Last year, myriads of cryptocurrency companies issued their shares and entered the traditional stock market. These are Coinbase, Canaan Creative, MicroStrategy Incorporated, and more. As we can see, crypto possibilities expand daily. Moreover, there are some ways to invest in traditional stocks like Apple, Amazon, and Coca-Cola, both in the form of options and tokenized assets. Let’s figure out what it all means.
Options vs. Tokenized Assets
Before we explore these tools deeper, it’s crucial to understand the fundamental difference between them.
Tokenized assets mean whole stocks behind a particular company. For example, Tesla’s tokenized assets are the same traditional shares transferred to the blockchain system in a form of tokens. Options can be compared to a bet on the change in the price of an asset.

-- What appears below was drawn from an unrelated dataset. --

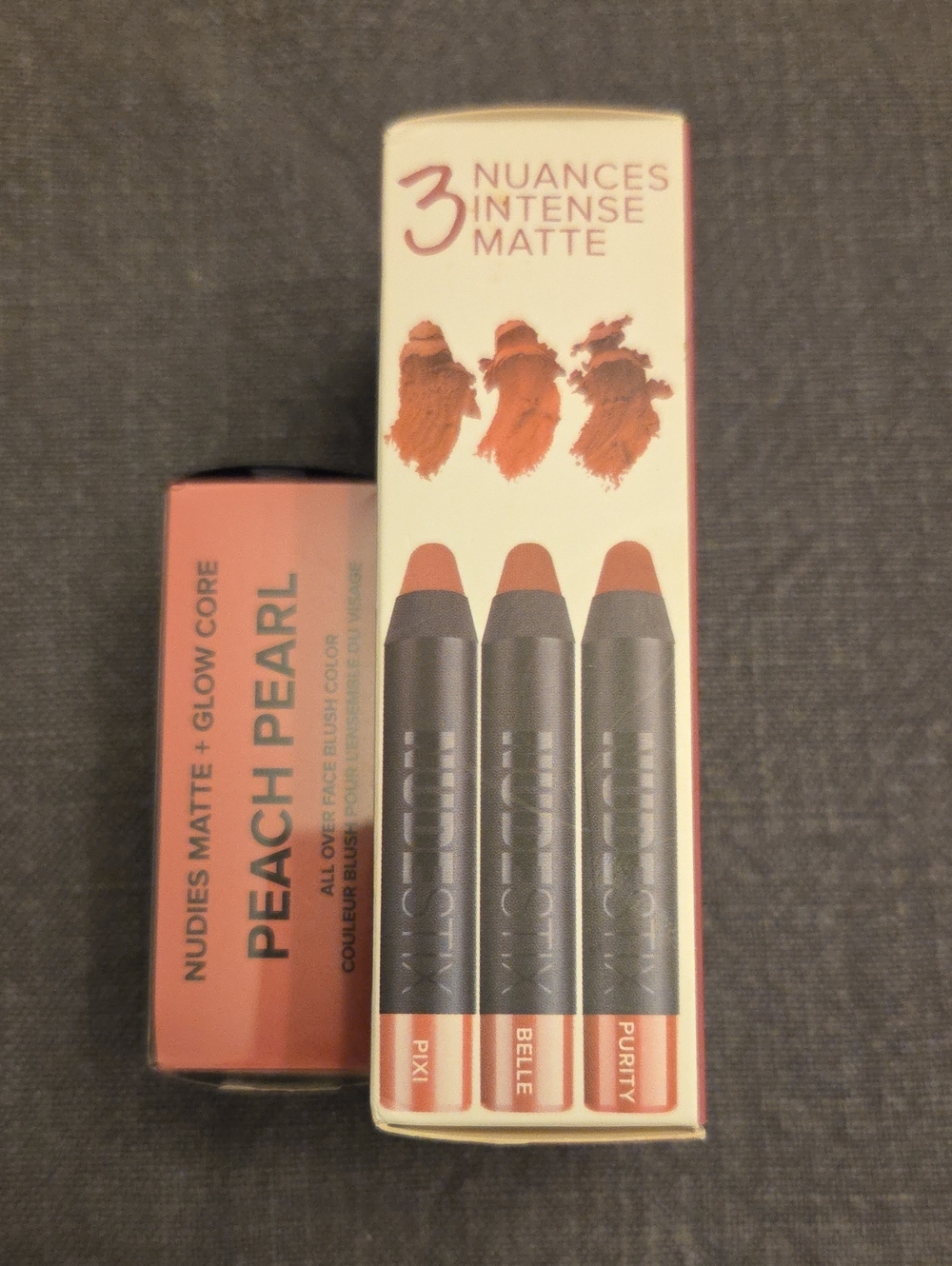 NUDESTIX 3-Color Matte Blush Crayon Set (Pixi, Belle, Purity) + Peach Blush NIB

So, when you buy a tokenized asset of Apple (AAPL), you become a beneficiary of the asset. When you buy an option, you buy the right to purchase a share or an asset in the future.
What Are Options?
An option is an agreement between the buyer and seller that contains the price, and it can be resolved ahead of the pre-scheduled time.
The buyer pays a fixed sum (part of the value) to the seller. The buyer has the right to complete a deal and buy the asset/stock for the agreed price by the time the contract expires. The buyer gets the right, but not the obligation, to buy the asset. It is the key difference between options and futures.
* Futures is a contract to buy or sell a particular asset at a specific price in the future. After the futures contract closes, both parties are required to fulfill their obligations at the agreed price, regardless of the actual market price at the contract’s expiration date. Learn more about futures contracts.
The seller gets the fixed sum and makes a promise to complete the deal with the buyer (if he wants to buy the asset in the future).
There are two types of options: put and call. Put options are made for a sale, and call – for a purchase. Let’s look at the example:
There are two scenarios in each case. Let’s suppose that a random stock costs $100.
|The buyer says to the seller: ‘I pay you $30 now. In two months, if I want, you’ll buy it for $100’. The seller agrees, gets $30, and hopes that the asset’s price will stay the same or rise.||The buyer says to the seller: “I pay you $30 now. If I want to buy it in two months, it will cost me $100.’ The seller agrees, gets $30, and waits two months, hoping the stock price will drop.|
|Put Option (Sell)||Call Option (Buy)|
|1. The stock drops to $60:|
The buyer wins. Now he can sell the asset, which is $60 for $100. The seller cannot refuse the deal. So the buyer gets the stock for $60, and the seller – for $100.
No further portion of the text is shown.